First, pour warm hot water in a glass. If making a 5 : 5 ratio oyuwari, cool the water to between 80°C to 90°C (176°F to 194°F). Next, pour in Kojika Hon Nigori. The temperature of oyuwari should be between 40°C to 50°C (104°F to 122°F). You can adjust the temperature to be the same when making 6 : 4 or 7 : 3 ratios.
Regarding the water, it's best to boil mineral water or spring water and it comes in handy to have thermos for preparing oyuwari.
Kojika Hon Nigori has a rich taste so adding a little hot water won’t make the flavor flat.
Served with water and / or On the Rocks
Kojika Hon Nigori holds both its sweetness and smoothness when served on the rocks. In a wide-mouth, old-fashioned glass add cracked ice made of natural water and pour in shochu… but not directly on the ice. You can enjoy the changes in flavor as the ice slowly melts. If water is added from the beginning, sweetness is enhanced.
Same as the term atsukan used for warm sake
Put a 5 : 5 ratio of shochu and water. Warm it to 50°C (122°F) which is referred to as atsukan when warming sake. As Kojika Hon Nigori is mild, it can be great even if it's a little on the hot side.
Snacks and Side Dishes
Same as sweet potato shochu in general, it pairs well with a strong flavored dish. How about chikuzenni* or satoimo (Japanese taro root) nikkorogashi**? A tip is to make it on the sweet side with mirin. If you use Kagoshima shoyu (soy sauce), it will turn out perfectly.
* braised chicken and vegetable dish from northern region of Kyushu. Chikuzen is an old name for Fukuoka prefecture.
**Cooking technique literally meaning “cook and roll.” It’s cooked to the point that soy sauce and mirin are mostly evaporated and caramelized.
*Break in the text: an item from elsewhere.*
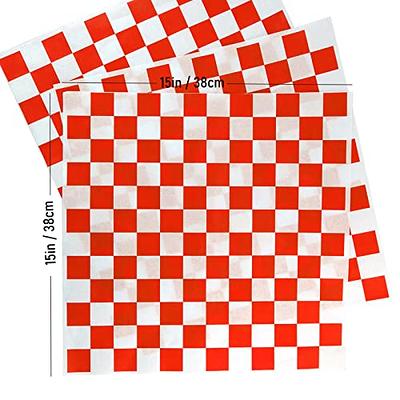 Buy Yeaqee Checkered Dry Waxed Deli Paper Sheets Food Basket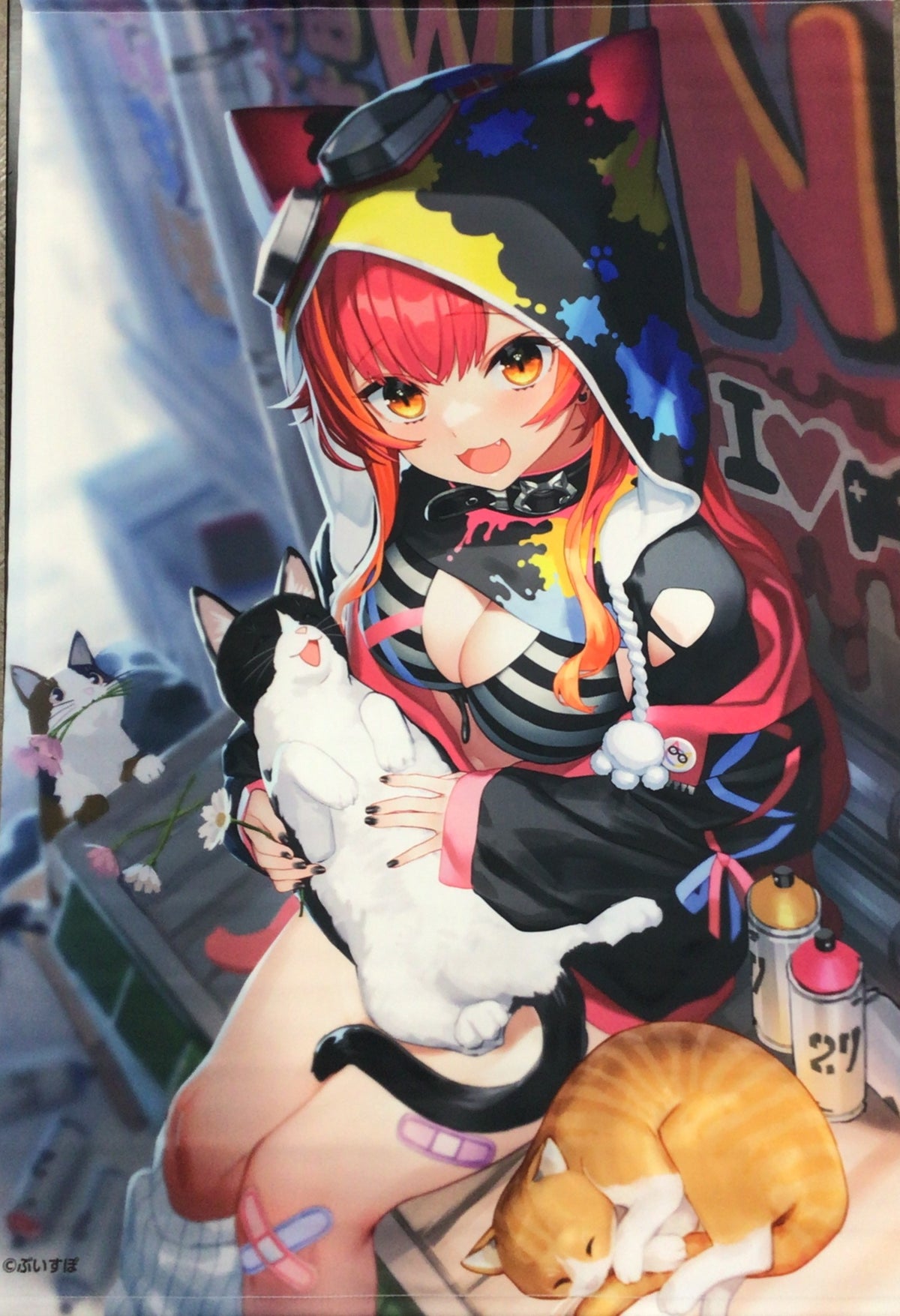 猫汰つな ぶいすぽっ！ 誕生日記念2022 B2タペストリー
Tips and Additional Background
The old time sweet potato shochu had a complex, rich flavor and some of them were cloudy in appearance, called “nigori(cloudy, muddy?) shochu”. Kojika Hon Nigori used to be slightly cloudy when it was on the market initially. Unlike our other shochus, it was popular from the beginning within Kagoshima city. The cloudiness is part of the flavor but is somewhat of a double-edged sword as storing it incorrectly or exposure to sunlight causes oxidization, resulting in an old oil smell. We filter our shochu to eliminate that problem but unfortunately the white cloudiness disappears as well. However, we managed to preserve that “nigori shochu” flavor. Because the flavor is rich and complex we describe it as “Hon Nigori”.